Import AI: #89: Chinese facial recognition startup raises $600 million; why GPUs could alter AI progress; and using context to deal with language ambiguity

Beating Moore’s Law with GPUs:
…Could a rise in GPU and other novel AI-substrates help deal with the decline of Moore’s Law?…
CPU performance has been stagnating for several years as it has become harder to improve linear execution pipelines across whole chips in relation to the reduction in transistor sizes, and the related problems which come from having an increasingly large number of things needing to work in lock-step with one another at minute scales. Could GPUs give us a way around this performance impasse? That’s the idea in a new blog from AI researcher Bharath Ramsundar who thinks that increases in GPU capabilities and the arrival of semiconductor substrates specialized for deep learning means that we can expect performance of AI applications to increase in coming years faster than typical computing jobs running on typical processors. He might be right – one of the weird things about deep learning is that its most essential elements, like big blocks of neural networks, can be scaled up to immense sizes without terrible scaling tradeoffs as their innards consist of relatively simple and parallel tasks like matrix multiplication, so new chips can easily be networked together to further boost base capabilities. Plus, standardization in a few software libraries, like NVIDIA’s cuDNN and CUDA GPU-interfaces, or the rise of TensorFlow for AI programming, means that some applications are getting faster over time purely as a consequence of software updates to these other fundamental improvements.
  Why it matters: Much of the recent progress in AI has occurred because around the mid-2000s processors became capable enough to easily train large neural networks on chunks of data – this underlying hardware improvement unlocked breakthroughs like the 2012 ‘AlexNet’ result for image recognition, related work in speech recognition, and subsequently significant innovations in research (AlphaGo) and application (large-scale sequence-to-sequence learning for ‘Smart Reply’, or the emergence of neural translation systems. If the arrival of things like GPUs and further software standardization and innovation has a good chance of further boosting performance, then researchers will be able to explore even larger or more complex models in the future, as well as run things like neural architecture search at a higher rate, which should combine to further drive progress.
  Read more: The Advent of Huang’s Law (Bharath Ramsundar blog post).

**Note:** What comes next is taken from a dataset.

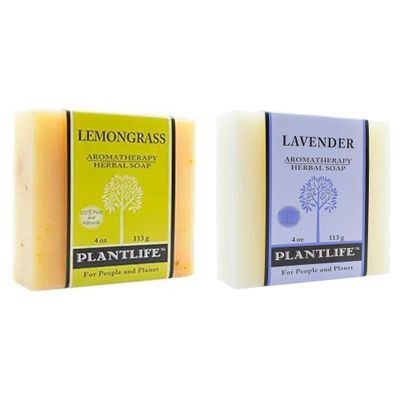 Plantlife Lemongrass & Lavender Bar Soap Bundle of 2 - Moisturizing and Soothing Soap for Your Skin - Hand Crafted Using Plant-Based Ingredients - Made in California 4oz Bar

Microsoft launches AI training course including ‘Ethics’ segment:
…New Professional Program for Artificial Intelligence sees Microsoft get into the AI certification business…
Microsoft has followed other companies in making its internal training courses available externally via the Microsoft Professional Program in AI. This program is based on internal training initiatives the software company developed to ramp up their own professional skills.
 The Microsoft course is all fairly typical, teaching people about Python, statistics, the construction and deployment of deep learning and reinforcement learning projects, and deployment. It also includes a specific “Ethics and Law in Data and Analytics” course, which promises to teach developers how to ‘apply ethical and legal frameworks to initiatives in the data profession’.
  Read more: Microsoft Professional Program for Artificial Intelligence (Microsoft).
  Read more: Aiming to fill skill gaps in AI, Microsoft makes training courses available to the public (Microsoft blog).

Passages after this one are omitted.